After Christina

The next morning, Jill finds herself parked in front of her apartment with the same searing pain in her stomach. A light snow falls on the car as she sends a text message to Christina: “Can we talk about this?”

Christina always has her cell phone and responds instantly to those she cares about. After ten minutes, there’s no response. Jill takes a deep breath and enters her apartment.

That afternoon, as she cooks lunch, she checks her cell phone every few minutes. There are messages from Christina on this phone more than a year old. In one exchange, about a year ago, not long after the divorce became final, Christina said to her mother. “I fucking hate this.”

“What’s wrong?” Jill replied.

Christina was out shopping with friends, all of whom were thin blond cheerleaders—a stark contrast to the stocky, dark-haired Christina. “These girls are skinny and I’m so fattttttt.”

“You are not fat,” Jill said. “You are healthy and beautiful.”

“How do I get skinnyyyyyyy?”

“Your health is the most important thing,” Jill wrote. “We can exercise together if you want. I am happy to do that. I would like to get back into running. But you are beautiful as you are.”

A few hours later, Christina wrote, “We’re coming home now, Mom. Thank you for making me feel better. I am beautiful and so are you. I will always love youuuu.”

That message made her giddy with joy. She remembers thinking: I may have failed at marriage, but I’m a good parent. Now she wonders if she was wrong about that.

After cleaning the kitchen, Jill goes upstairs to the bathroom. She undresses and kicks her clothes into a pile and turns on the shower. A silver lining occurs to her: At least she won’t worry about Christina using up all the hot water anymore. That’s when she notices Christina’s soaps. Apple, apricot, cucumber-melon scented gel soap bottles cluster in the corner, in between the two shower curtains.

As the warm water runs over her, Jill unscrews the caps of the organic apple soap and empties the bottle down the drain. The flowery, fruity smell brought back memories of Christina in the passenger seat on the way to school, her hair still wet and fragrant. She fills the bottle with water and washes every last bit of soap out. She repeats the process until six empty bottles float at her feet.

When she finishes showering and dresses herself in new clothes, she throws the bottles in the garbage and then takes the garbage outside to the dumpster. This time, when she returns to the house, she still feels that low hum of anxiety, but it is one notch weaker. On cloudy Saturdays like this one, she usually shops for groceries for the week. Another silver lining occurs to her: only person she needed to please for dinner was herself, which meant she could have spicy curry or tacos or a marsala cream sauce with mushrooms—all things Christina refused to eat.
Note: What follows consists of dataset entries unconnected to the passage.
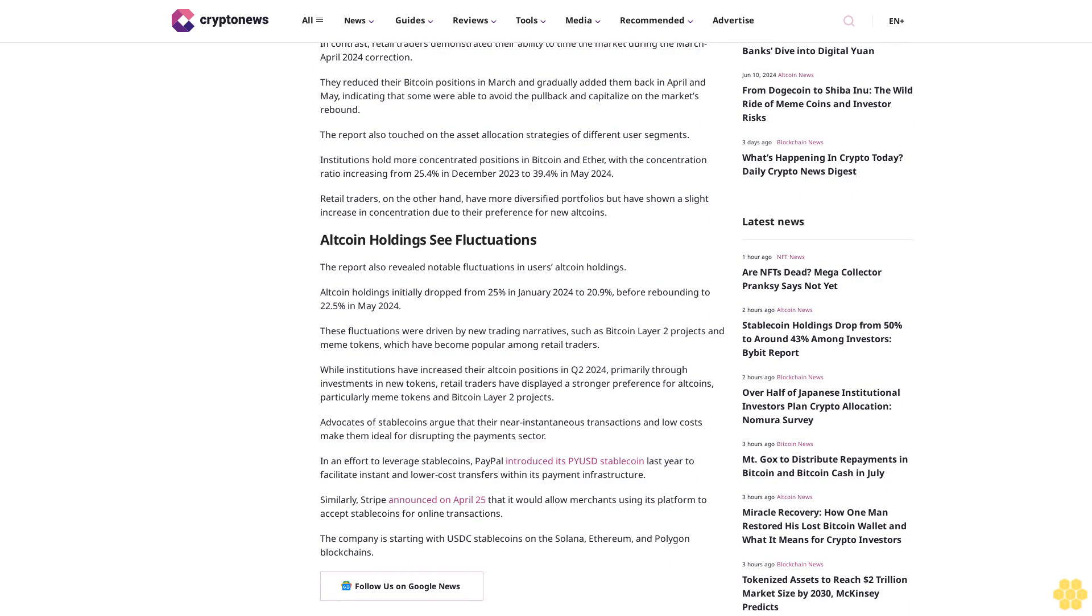In contrast, retail traders demonstrated their ability to time the market during the March-April 2024 correction. They reduced their Bitcoin positions in March and gradually added them back in April and May, indicating that some were able to avoid the pullback and capitalize on the market's rebound.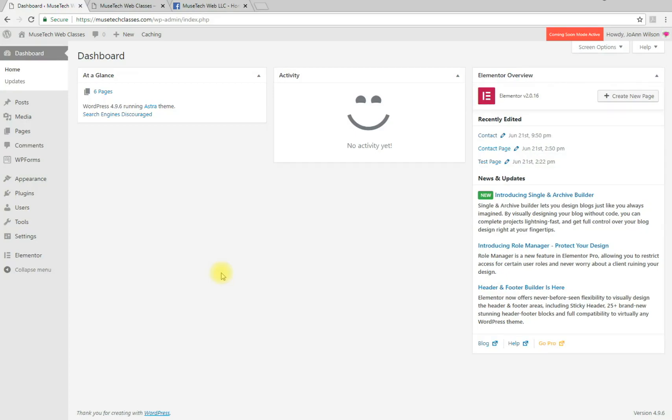Hello, Joanne Wilson here. Today I'm going to show you how to add the Easy Facebook Like Box to your website.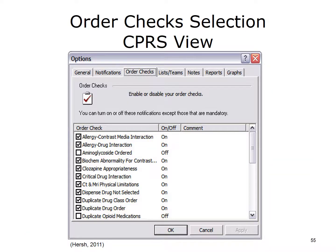The order checks selection window allows clinical users to determine what types of order checks will be applied when using the EHR. Selecting individual user options in CPRS brings up this window. Tabs at the top indicate general options, notifications, order checks — which has been selected in this screenshot — lists and teams, notes, reports, and graphs. These selections allow the end user to customize the look and actions of the EHR. The order checks tab has brought up a list of order checks with a comment that end users can enable or disable them. Order checks may include allergy contrast media interactions, allergy drug interactions, clinical drug interactions, duplicate drug orders, or others. There is a checkbox next to each order check to turn them on or off.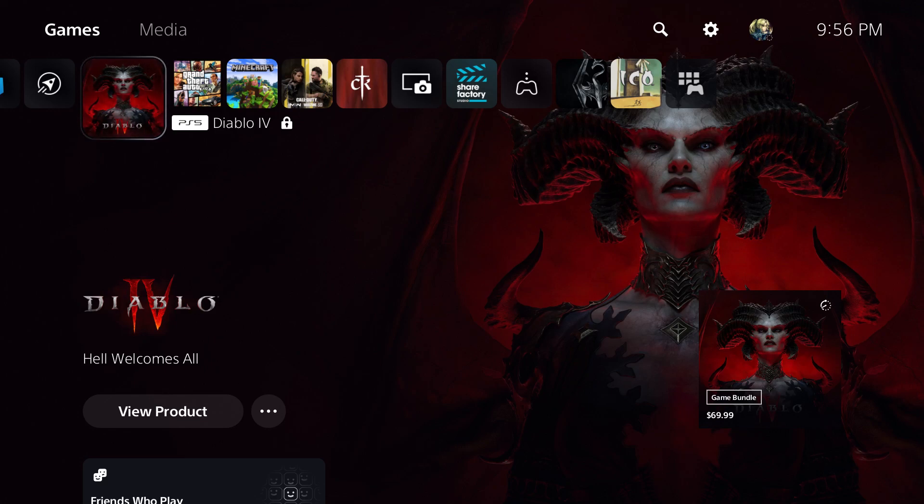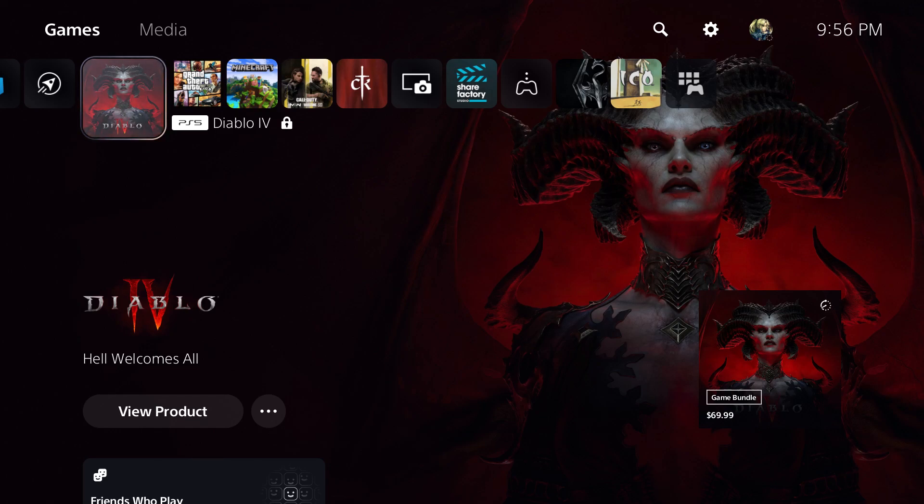What is up everyone, this is MoGaming here and today I'm going to show you how to fix the Diablo 4 error code 316719.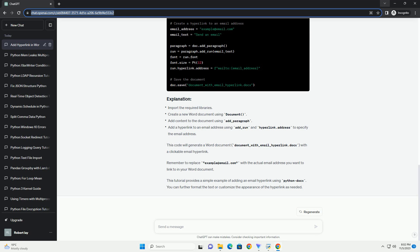First, import the necessary libraries. In this case, we'll import docx from python-docx. Create a new Word document or open an existing one using the document function. Insert the desired content and then add a hyperlink to an email address. Save the document with the added hyperlink. Here's the complete code that combines all the steps.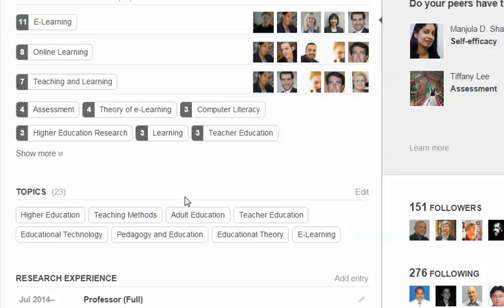As I understand it, ResearchGate will present those topics to you occasionally in terms of articles that you might be interested in. It also, once you follow articles, will push those articles out if the authors publish something new. So you get things right hot off the press.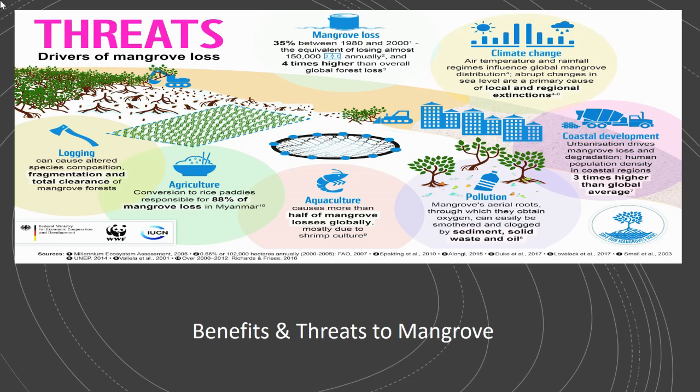Coastal development and urbanization on coastal environments tend to drive the loss of mangrove habitats and degradation. We also see that climate change, air temperature, and rainfall changes are going to influence global mangrove distribution. It could cause abrupt changes in sea levels and lead to either local or regional extinctions of organisms that reside in mangroves.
“Spicy curry tonight,” Jill announced to her empty living room. “And nobody will say it’s too spicy.”

Her voice reverberates in the silence. The whole house sat motionless. If she dropped dead right now, how long would things remain so still?

“Cowshit,” she repeats.

The furniture seems oddly motionless. The whole house is still. If she dropped dead right now, how long would things remain so still?

She runs upstairs and digs out her running shoes and then leaves the motionless apartment for a quick jog around the icy neighborhood. The cold air stings her lungs. How has it been since she ran? At least a week, though it was hard to remember. She wanted to run Monday, but Christina needed a ride home from a friend’s house, so she put it off, thinking Tuesday, I’ll run on Tuesday, but then she remembered that she had to run to the bank right after work on Tuesday so she could withdraw enough money to make a payment on one of Christina’s medical bills—a rash turned into an infection because Christina just wouldn’t stop scratching. Wednesday she had a headache. And Thursday Christina moved out.

Being in motion feels good. She breathes and her lungs fill with cold air and the cold hurts in a pleasant way and the pain is acute and all-consuming. Her mind can’t focus on anything but her lungs, though one thought bubbles to the surface. Being in motion and moving are two very different things. She wonders why she thought that and what it means.

When she returns from her run, the apartment seems filled with hours. Jill strips out of her gym clothes and showers again. After her shower, she notices that Christina has called.

“I forgot my soaps,” she says in a voicemail. “Leave them on the front step. I’ll come get them. But don’t try to talk to me. I got nothing to say.”